Q8. An idempotent load: - A) Can only run once - B) Produces the same result if re-run (safe to retry) - C) Is always slow - D) Skips constraints

Q9. UNLOGGED staging tables load faster because they: - A) Have no columns - B) Skip the WAL (not crash-safe, fine for re-loadable data) - C) Are in memory only - D) Have no indexes ever

Q10. After a big bulk load, you should run: - A) VACUUM FULL always - B) ANALYZE (refresh statistics for the planner) - C) DROP TABLE - D) Nothing

True/False

Q11. A multi-row INSERT is faster than many single-row INSERTs, but COPY is faster still for bulk. (True / False)

Q12. Loading raw, unvalidated data directly into constrained production tables is the recommended approach. (True / False)

Short answer

Q13. You must import a 5-million-row CSV from your laptop into a constrained products table that needs type conversion and category-name→id lookup.
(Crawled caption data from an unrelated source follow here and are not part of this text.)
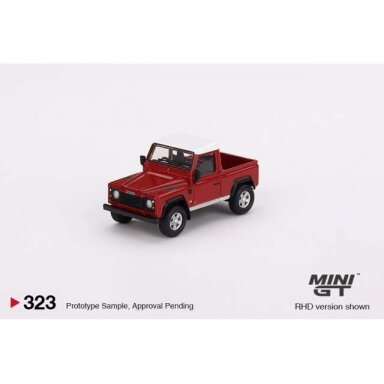 Mini GT Modeliukas 1/64 Land Rover Defender 90 Pick-up, masai red/white roof Mini GT Modeliukas 1/64 Land Rover Defender 90 Pick-up, masai red/white roof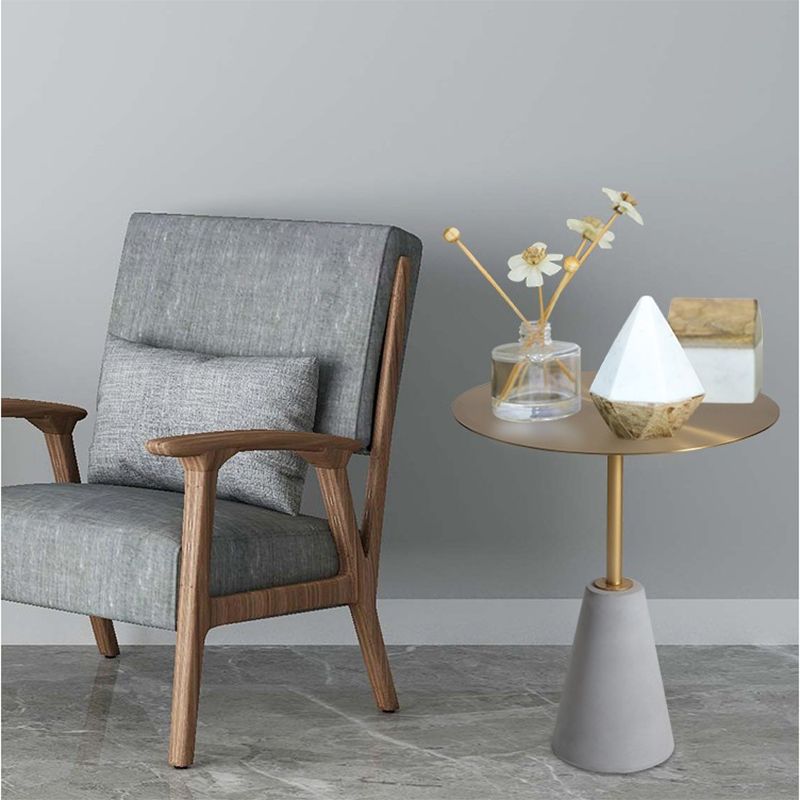 中世のモダンスタイルの丸い金属テーブルと石の台座ベースサイドテーブル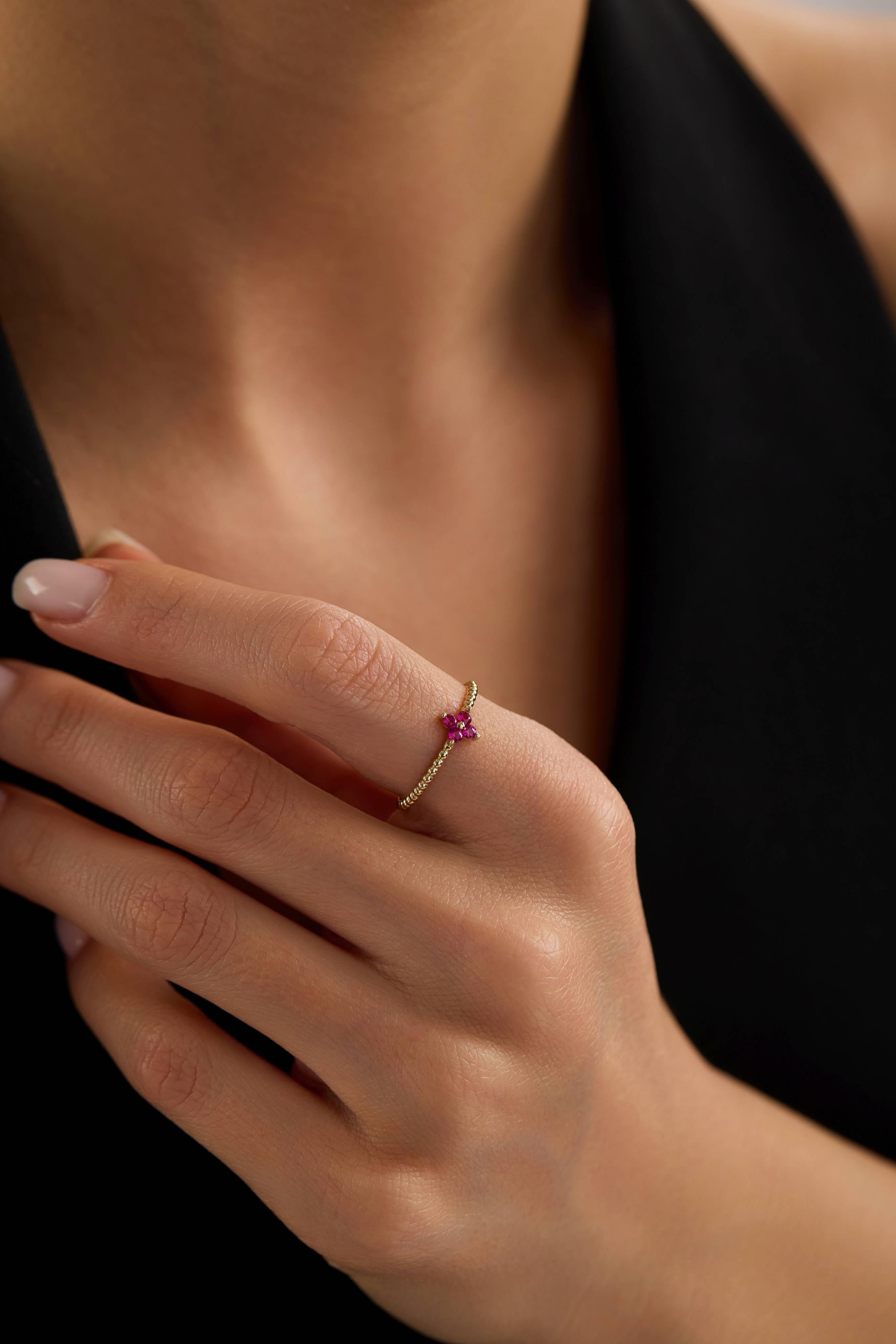 14 Ayar Minimal Taşlı Altın Yüzük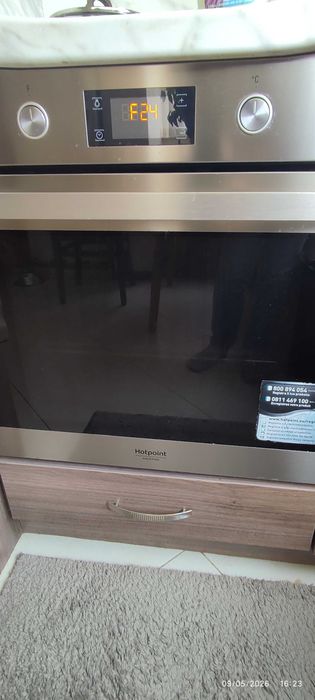 Фурна за вграждане Hotpoint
Outline the fast, safe approach.

---

Answer key

Q1 — B. COPY — orders of magnitude faster than insert loops.

Q2 — B. Server-side file (needs file privileges).

Q3 — B. \copy streams a client-side file via psql.
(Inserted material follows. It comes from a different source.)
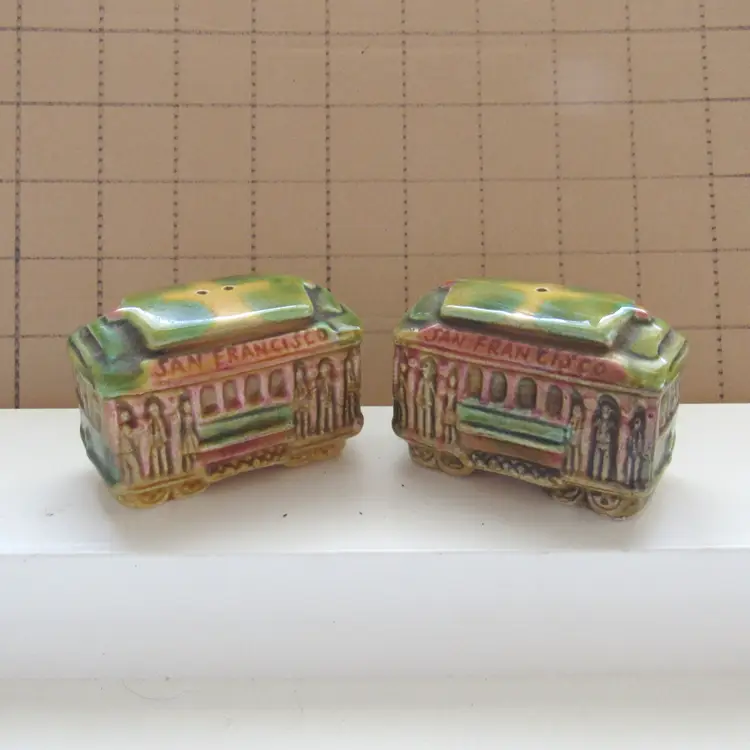 Vtg San Francisco Street Cars Salt and Pepper Shaker Set
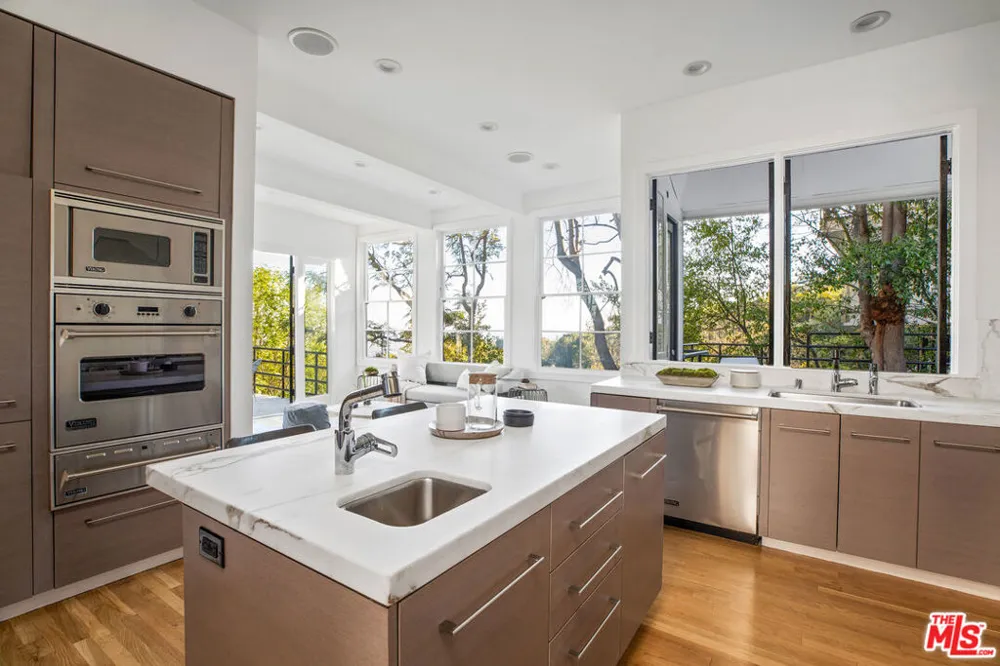 9314 Lloydcrest Drive Los Angeles, CA 90210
Q4 — B. single → multi-row → batched → COPY.

Q5 — B. Load raw fast, then transform with SQL into real tables.

Q6 — A. Extract, Transform, Load (transform first).

Q7 — B. Powerful warehouses make in-database (ELT) transformation attractive.

Q8 — B. Re-running yields the same result — safe for retries.

Q9 — B. Skip the WAL (faster, not crash-safe) — fine for re-loadable staging data.

Q10 — B. ANALYZE so the optimizer plans well on the new data.

Q11 — True. Multi-row beats single-row; COPY beats both for bulk.

Q12 — False. Stage raw data, validate/transform, then load into constrained tables.

Q13. Use \copy (client file) to bulk-load the 5M rows into a loose staging table (text columns, optionally UNLOGGED) — fast, no constraint checks. Then transform with SQL: INSERT INTO products (...) SELECT ...::numeric, ... JOIN categories ON name → id, WHERE <valid rows> ON CONFLICT (sku) DO UPDATE ... to cast types, resolve the category id, skip/quarantine bad rows, and upsert (idempotent). Finally ANALYZE (and drop the staging table). This separates fast loading from correct transformation and is safe to re-run.

Scoring: 10–12 you can move data at scale; 7–9 review COPY vs \copy and staging; below 7, do Exercises A–C.